• **What is required**
Exactly the lines below from the line with "Used Water Cooling" through the line with "Fototapeta na wymiar" must make up the answer, both ends included and pictures left out.

• **Extracted material**
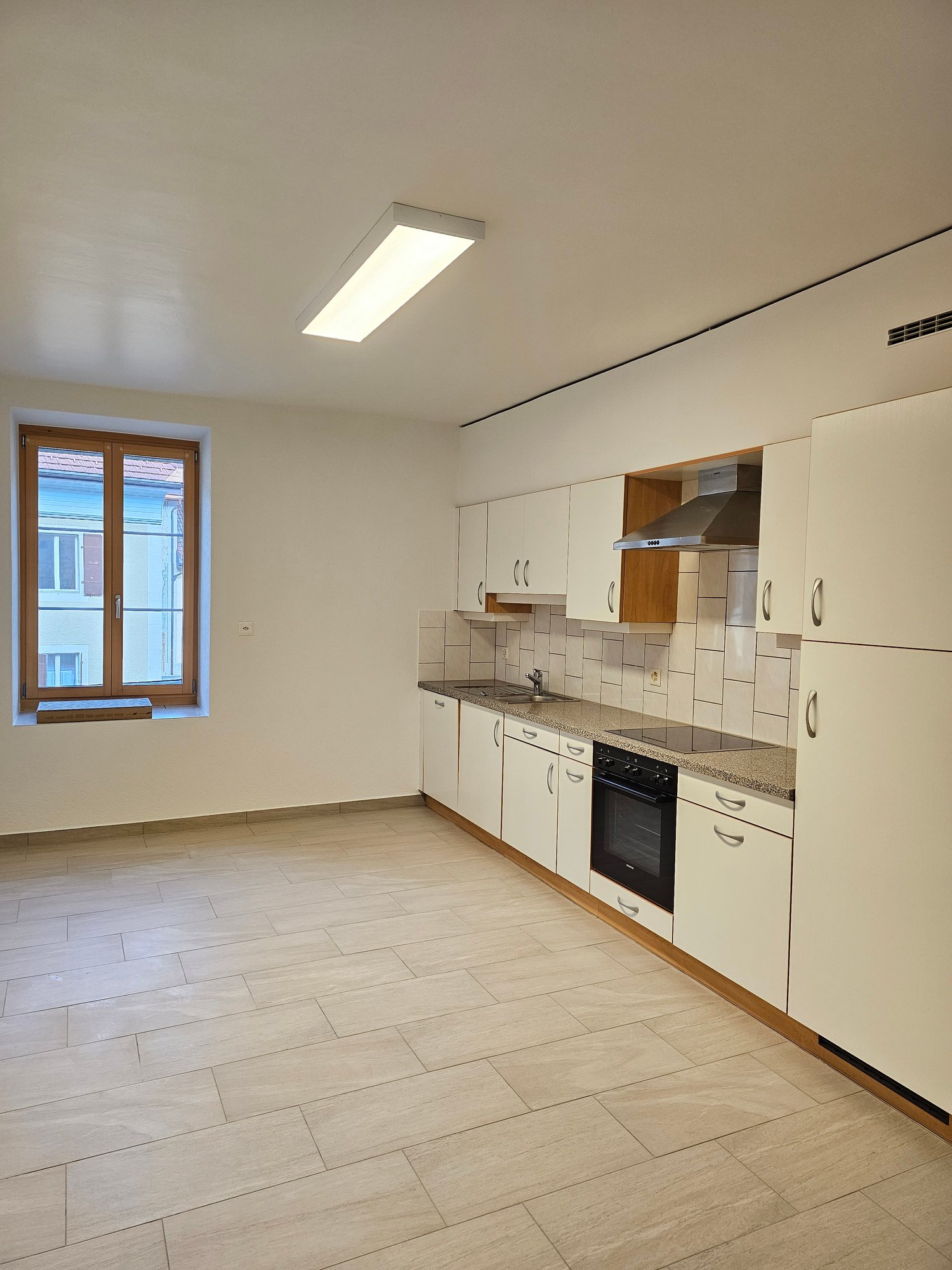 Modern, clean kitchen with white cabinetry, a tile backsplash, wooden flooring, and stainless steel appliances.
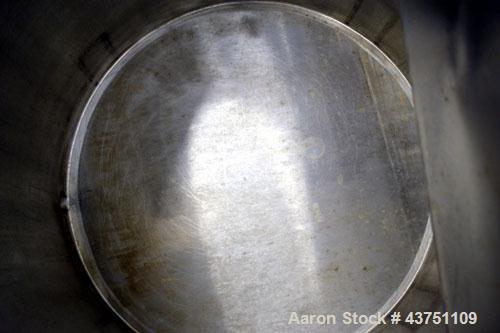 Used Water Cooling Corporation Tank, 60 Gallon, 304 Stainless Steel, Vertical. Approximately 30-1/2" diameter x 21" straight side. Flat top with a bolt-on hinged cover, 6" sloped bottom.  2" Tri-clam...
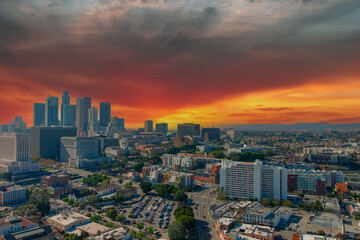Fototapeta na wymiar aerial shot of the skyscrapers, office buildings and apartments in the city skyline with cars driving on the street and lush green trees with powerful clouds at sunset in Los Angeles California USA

--

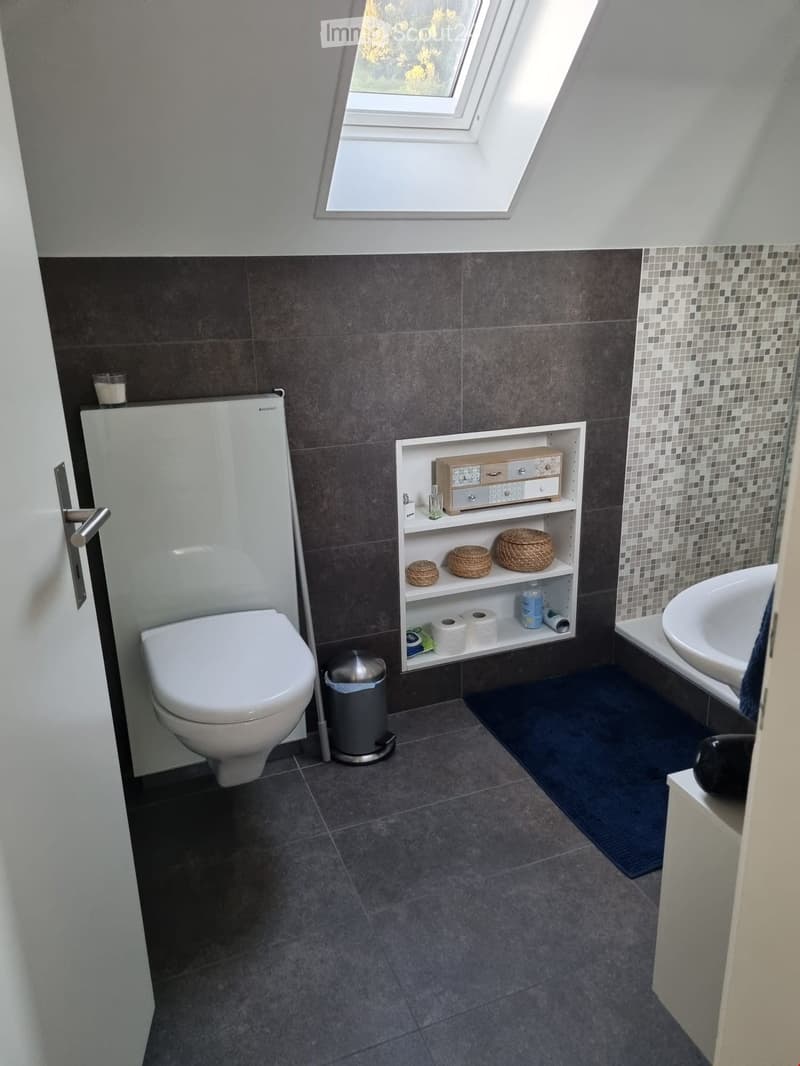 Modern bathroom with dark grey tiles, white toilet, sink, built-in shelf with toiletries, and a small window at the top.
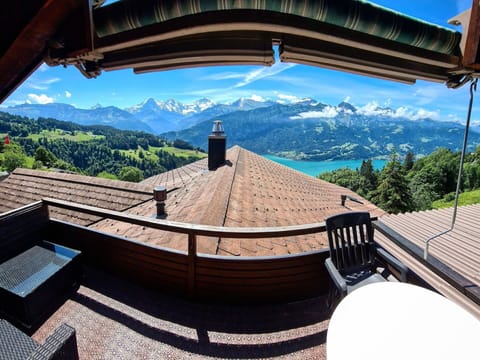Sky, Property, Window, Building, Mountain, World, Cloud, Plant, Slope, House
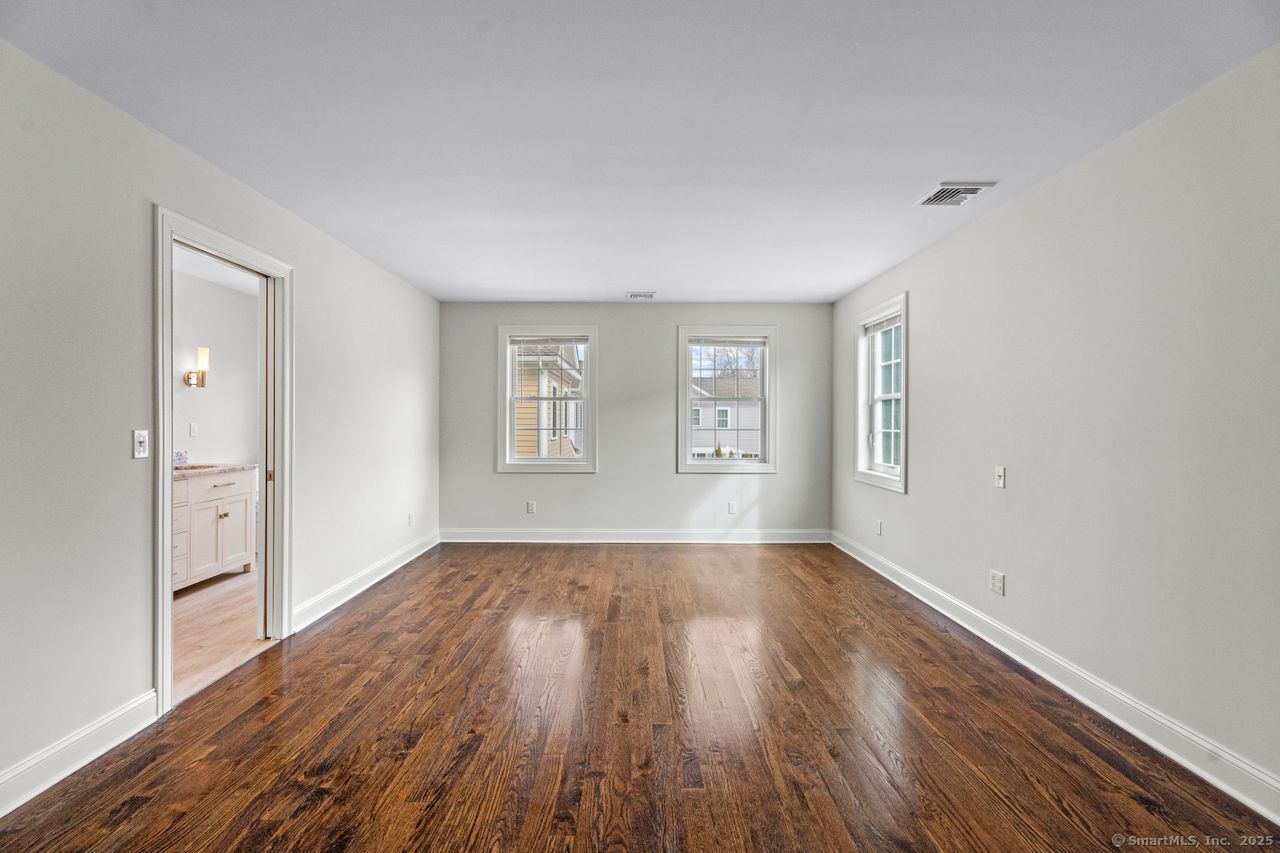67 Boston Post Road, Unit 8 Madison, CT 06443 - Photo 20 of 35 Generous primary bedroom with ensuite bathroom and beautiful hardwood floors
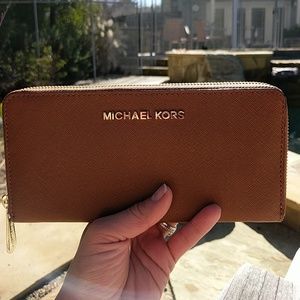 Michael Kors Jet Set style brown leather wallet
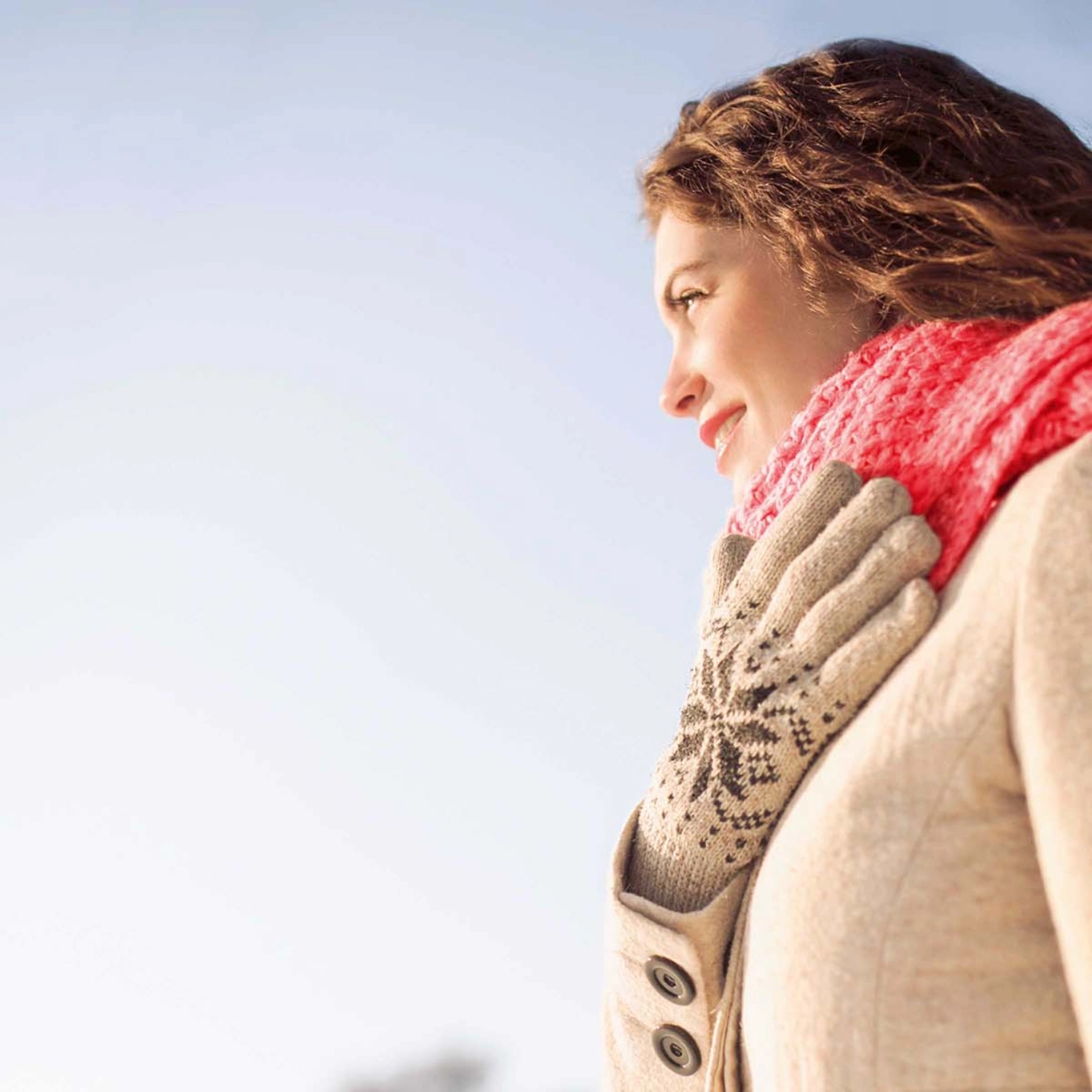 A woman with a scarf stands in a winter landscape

* * *

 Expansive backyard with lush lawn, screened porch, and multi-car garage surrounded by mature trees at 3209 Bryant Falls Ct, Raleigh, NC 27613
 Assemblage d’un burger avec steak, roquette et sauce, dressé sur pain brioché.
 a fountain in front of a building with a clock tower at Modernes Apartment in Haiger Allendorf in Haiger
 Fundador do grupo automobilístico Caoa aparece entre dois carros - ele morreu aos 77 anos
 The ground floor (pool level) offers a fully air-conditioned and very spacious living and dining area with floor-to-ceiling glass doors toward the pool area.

• **Output for this exercise**
 Used Water Cooling Corporation Tank, 60 Gallon, 304 Stainless Steel, Vertical. Approximately 30-1/2" diameter x 21" straight side. Flat top with a bolt-on hinged cover, 6" sloped bottom.  2" Tri-clam...
Fototapeta na wymiar aerial shot of the skyscrapers, office buildings and apartments in the city skyline with cars driving on the street and lush green trees with powerful clouds at sunset in Los Angeles California USA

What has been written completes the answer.